Por fim, o caso de célebro por cérebro é outra forma de dissimilação, fenômeno que vimos acima com umbilicu- > embigo. O termo dissimilação significa tornar dissimilar, diferente. É muito comum que, havendo dois sons iguais na mesma palavra, um deles se modifique pela necessidade de conferir maior clareza à palavra por meio do contraste. O [r] e o [l] são clientes habituais da dissimilação. Do latim liliu- temos lírio; do francês colonel temos coronel; do latim calamellu- temos caramelo. Dissimilação radical é a que fez o urubu se tornar aribu: afinal, três u numa palavra só ninguém merece...

Por falar em [r] e [l], é muito comum (e em diversas línguas) que o [l] se transforme em [r] em encontros consonantais: é o que se chama rotacização, do nome da letra r em grego (rhota). Na história da língua os exemplos pipocam: plicare > pregar; complere > cumprir; flaccu- > fraco; plaga > praga; placere > prazer; blandu- > brando; obligare > obrigar e por aí vai... Essa rotacização é muito comum na fala de pessoas menos letradas: grobo, praca, Cráudia etc. Muita gente ri e zomba dessas pronúncias, mas, por desconhecer a história da língua, acha certíssimo dizer praia, pregar, obrigar etc. Na obra de Camões encontramos ingrês, frauta, pranta, pubricar...

Outra forma assumida pela dissimilação é a eliminação pura e simples de uma das consoantes idênticas. O melhor exemplo é própio em lugar de próprio. Ora, em espanhol a única forma correta é propio e o mesmo se dá com orquesta. Em italiano, o uso de propio também é alvo de zombaria, o que comprova seu uso frequente. Os portugueses dizem registo enquanto nós dizemos registro, e o latim rostru- se tornou rosto entre nós, enquanto rastro e rasto são formas igualmente tidas por corretas.

Além dos metaplasmos mencionados acima, existem, como mencionei, muitos outros: aférese, apócope, síncope, prótese, epêntese, paragoge, assimilação, palatalização, vocalização, consonantização, sândi, suarabácti, lambdacismo, metafonia, apofonia, hiperbibasmo...

Voltando ao que eu dizia no início: todo e qualquer fato linguístico tem explicação científica. Aqui vimos apenas casos relativos à fonética, ou seja, aos sons da língua, mas isso se aplica também à morfologia e à sintaxe, isto é, à gramática da língua.

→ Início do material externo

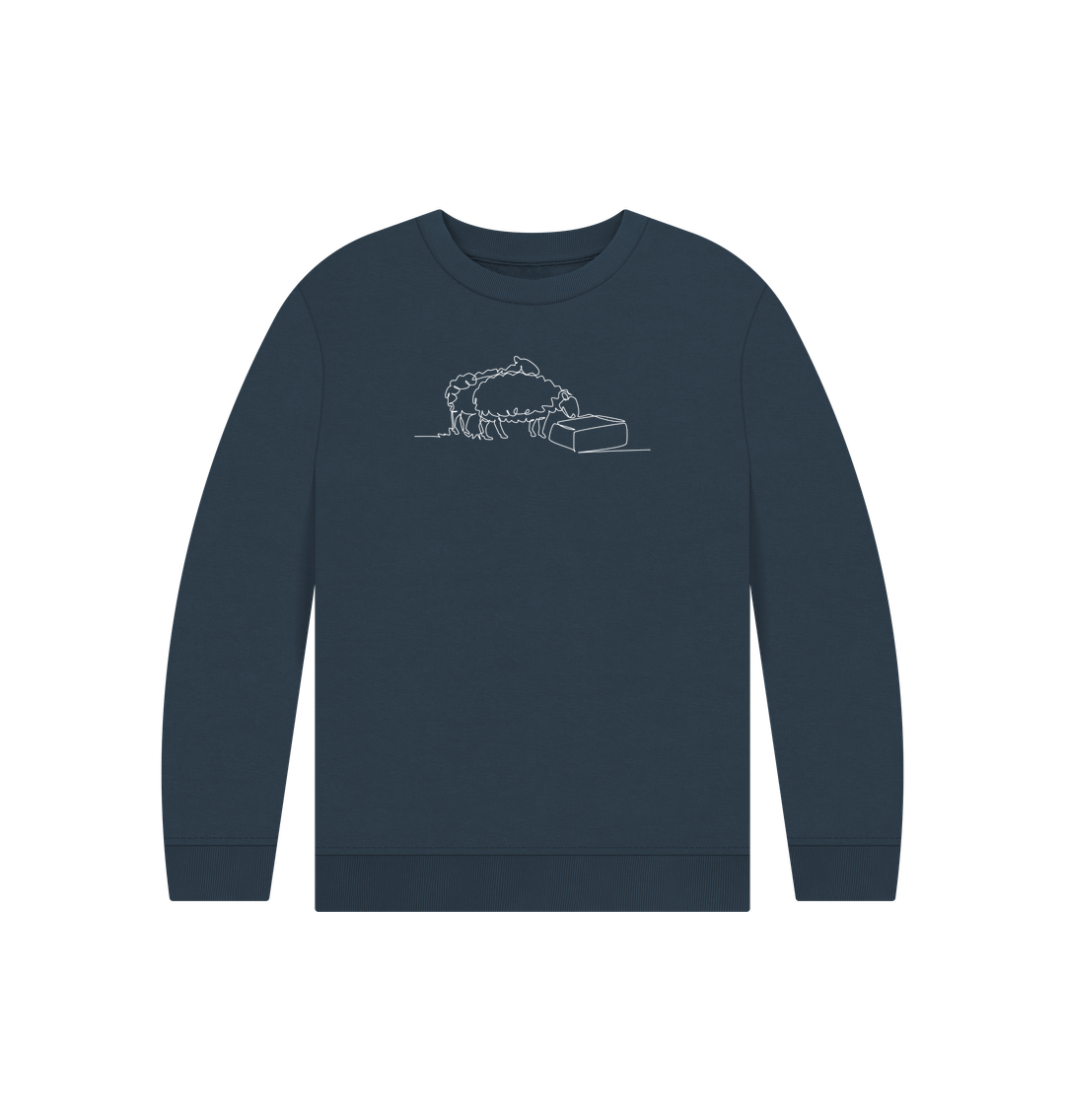 Navy Blue Kid's Sheep Organic Cotton Crewneck Sweater (White)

É claro que as formas consideradas cultas e corretas devem ser ensinadas sistematicamente às pessoas que usam as variantes não normatizadas, uma vez que estas são alvo de preconceito e discriminação. O acesso às formas prestigiadas é um direito de todo mundo, mas esse ensino deve se fazer com bom conhecimento da história da língua e com respeito à diversidade de usos, já que o que foi errado ontem é certo hoje, assim como o erro de hoje pode se tornar (e de fato se torna) o certo de amanhã.